The World Economic Forum’s Global Risk Report Showcases Cybersecurity as a Priority


The World Economic Forum has identified cybersecurity as one of the biggest threats in the coming years in their Global Risks Report 2023. At EthicsGrade, we could not agree more with this – cybersecurity represents a very important facet of our research of companies. The digitalization of most businesses and industries poses a systemic risk across all sectors. Cyber risks have, until recently, been an afterthought in the design of many technology systems. Ethics by design is an approach that focuses on planning for contingencies or less desirable outcomes of emerging technologies, such as cyber risks. This approach proactively safeguards companies against digital risks, such as cybersecurity, and therefore avoids reactive approaches to technological development which invites the potential for harmful outcomes.

Low Visibility and Investor Vulnerability of Cyber Risks

Often a key enabler for inaction is a lack of resources or in the case of AI risk, low visibility. Very few people have insight into the risks of AI, thereby increasing the difficulty of adequately addressing them. Investors are particularly vulnerable to cybersecurity risks as often cyber risks are liabilities that are not reported on balance sheets (ESG reports). It is imperative to factor in cyber risks while making investments, but due to the lack of quality data on digital ethics this is made unnecessarily and dangerously challenging. While many of the risks are insurable, there is the longer-term impact of reputational harm that is a business risk on future performance. The absence of data to model such risks means risk mitigation processes must work from the ground up, which is both complex and expensive.

The US Securities and Exchange Commission: Required Reporting

Increased regulation around an action or subject can suggest its importance and prioritization. Reporting requirements, such as the US Securities and Exchange Commission's (SEC) recently proposed cybersecurity rules that require companies to report ongoing attacks, are an important way to increase proactive considerations of cyber risks. The proposal signifies a drive toward greater transparency and disclosure. The benefits to investors outweigh the costs considering the information asymmetry that exists between the market and the companies around these digital risks. However, as the SEC and others, move forward with such initiatives, there is a need to ensure that reporting on attacks does not undermine or compromise efforts to counter them.

Ransomware Payments: An Unacknowledged Relationship

One scandal that few in the industry are talking about is ransomware payments. There is a clear inconsistency between policies that ensure companies do not have relationships with organized crime, and the fact that most organizations pay ransomware attackers to ensure their normal operations. This is an unacknowledged relationship, where the SEC could further intervene. Making ransomware payments illegal could potentially starve attackers out of this form of cyberattack only helping the SECs mission. It is surprising how this issue has yet to be addressed systematically by organizations like the SEC worldwide.

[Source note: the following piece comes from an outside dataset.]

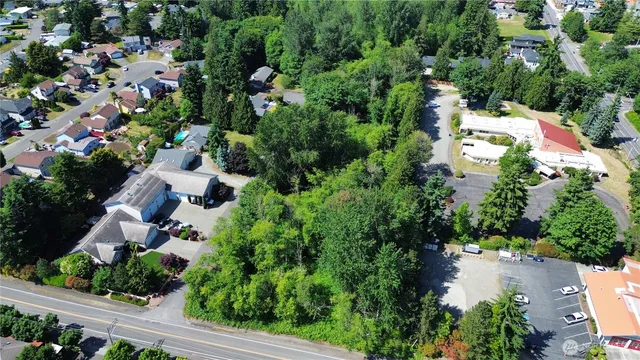 an aerial view of residential house with outdoor space and trees all around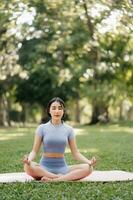 Portrait of young woman practicing yoga in garden.female happiness.  in the park blurred background. photo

It is essential to note that the SEC’s proposed reporting requirements do not fully encapsulate the threats of cybersecurity. The SEC's role is to ensure that companies have a good minimum standard of corporate governance and that there is accurate, timely, and fully transparent disclosure to the market, which this new requirement fails to do. Beyond this, if companies want to play fast and loose with their IT systems, EthicsGrade can highlight the relative maturity between actors in their AI governance. By considering the corporate digital responsibility of companies investors will be better placed to model these risks, and market forces will drive better outcomes as they have in other aspects of ESG activities.

The EU Digital Operations Resilience Act: Required Safeguards

The EU's DORA regulation will work to ensure that a bank's use of cloud services has adequate resiliency around its financial services. This regulation is not directly cybersecurity-related but aims to reduce instances of ATMs being offline or online banking being unavailable, which is aligned with prioritizing cybersecurity. While the West has a tolerance for cyber vulnerability (i.e. data breaches) but not for lack of privacy (i.e., targeted ads, data profiling, etc.), China has the most extensive set of rules on cybersecurity and is a country where there is an enormous taboo against cyber vulnerabilities. A hybrid model where both privacy and cybersecurity are priorities feels like it is waiting to burst through. We are hopeful the SEC in the US and DORA in the EU will support this new resilience to cybersecurity vulnerability.


The cybersecurity threat is real and dangerous. As emphasized in the World Economic Forum’s Global Risk Report it is essential for companies to prioritize cybersecurity and transparency. Companies need to take a proactive approach to cybersecurity and can do so by investing in their IT infrastructure and ensuring that they have the necessary safeguards in place. The SEC's proposed cybersecurity rules and the EU’s DORA are a step in the right direction. Still, companies need to go beyond the minimum standard of corporate digital responsibility and work to create a new culture of cybersecurity. This culture of cybersecurity should be embedded in all aspects of the business, and companies should work towards minimizing the risks associated with cybersecurity, such as ransomware payments. The market will reward companies that take a proactive approach to cybersecurity, and companies that fail to prioritize cybersecurity will suffer reputational damage and financial losses.